The present photogram was one of only eight photograms Moholy chose to reproduce in 60 Fotos, the definitive anthology of his own photographic work, published in Berlin in 1930. The photograms are interspersed throughout the volume, each reproduced on one page of a double-page spread. The seven other photograms are paired with a Moholy photograph or photoplastik on the facing page. A photogram with a circle and curving shapes (Haus, pl. 133), for instance, is paired with the photoplastik 'Jealousy.' A very early photogram of collage-like elements is paired with Moholy's negative photograph of a cat. The photogram offered here, however, is the only photogram in the volume that is paired with another photogram, and in this instance, the facing photogram is significant: a 'self-portrait' photogram of Moholy himself, titled 'Moholy legt seinen Kopf auf lichtempfindliches Papier' ('Moholy lays his head on sensitive paper') (see illustration on page ___).

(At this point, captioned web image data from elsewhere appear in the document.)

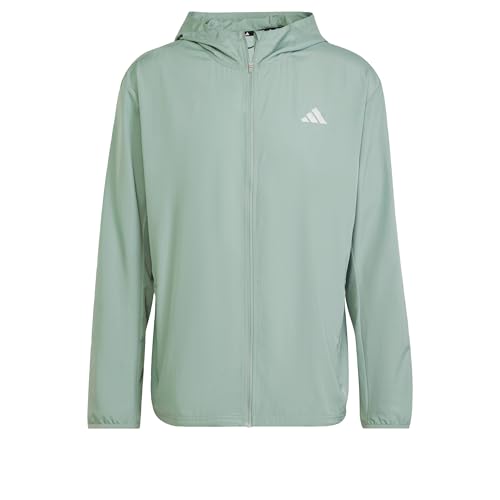 adidas Herren Run It Stripes Jacket, Silver Green, XXL von adidas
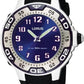 Lorus Boys Sports Analogue Quartz Blue Dial with Black Rubber Strap Watch RG235GX9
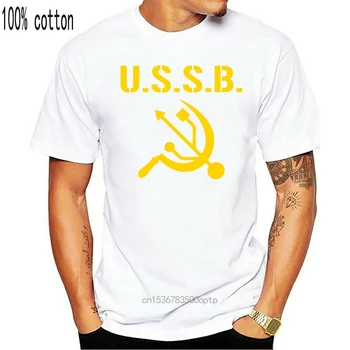 Vīriešu U. S. S. B. / PSRS / Psrs USB Parodija t krekls Raksturs tee krekls S-XXXL Apģērbi Interesanti Komiski vasaras foršs krekls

It is believed that the 60 photographs, photograms, and photoplastiks which comprise the 60 Fotos volume were selected from the larger group of 97 Moholy images that were shown in a special room at the Film und Foto exhibition at Stuttgart in 1929. If so, it is possible that the photogram offered here was the actual object included in the exhibition. The photogram offered here is almost certainly the actual object that was used for reproduction in the 60 Fotos volume: the vertical reduction notation of '16.3' [cm] marked on the reverse, in pencil, corresponds to the vertical length of the reproduction of this image on the 60 Fotos page.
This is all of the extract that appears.